Frank and Jenny were mentioned in TangoBora’s blog entry. I found this vals that I absolutely love by them.

Aug 10

Let yourself be surprised

As I am getting mentally ready for a weekend full of dancing – can’t say I’m physically ready – I’m inclined to share something that has been in my mind for a while now. It’s a bit long for nowadays’ 30 seconds post standard but it just might be worthwhile. It was definitely worthwhile for me to get it off my mind! Let me know what you think.

I’ve recently started to experience a trend with some of my favorite followers. They do the same mickey mouse moves on certain parts of some songs, over and over. Sometimes they do the exact same little spiel every time we dance to the same song.

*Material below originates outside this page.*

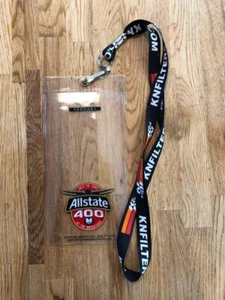 2007 Brickyard 400 Racing Lanyard Neck Strap/Ticket/Pass Holder Credentials - Picture 1 of 1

I believe this is born out dancing repeatedly to the same songs with leaders that end up doing the same thing they see people do in their scene. Unfortunately, they all end up with the same rhythmic interpretation, if not the exact same steps, syncopated in the same exact way. It gets boring.

This poses two problems for a leader 1) he has a hard time getting away with something different, quiçá, more surprising and tasteful 2) he feels he has to do what they’re expecting him to do thus avoiding the ignorant/not being a cool kid vibe.

The first point is more close to my heart as I believe it can really start to stifle creativity. Early on the dancing career it’s ok one thinks – “she can do her spiel as she really enjoys it” – but after a while it becomes annoying. My mind goes something like this: “I’ve done what you’re expecting me to do lots and lots of times before so can we try something different this time? Trust me, we can even enjoy ourselves just listening to it while pausing. You know what, we are going to be the cool kids because we’ll be different than anyone else!”. You’d be surprised as to how hard it can be just to pause sometimes. It is even harder to explore together new rhythmic interpretations.

As to avoiding the feeling of not being a cool kid it only comes with time and a friendlier community. Normally friendly goes alongside with knowledge, let us remind ourselves. The leader will have normally two reactions from the ladies. The condescending “oh, that’s cute” or the “oh, he’s trying something different, let’s check it out, I may actually like it and broaden my interpretation possibilities (followers do interpret the songs too)”. I know the one I like more.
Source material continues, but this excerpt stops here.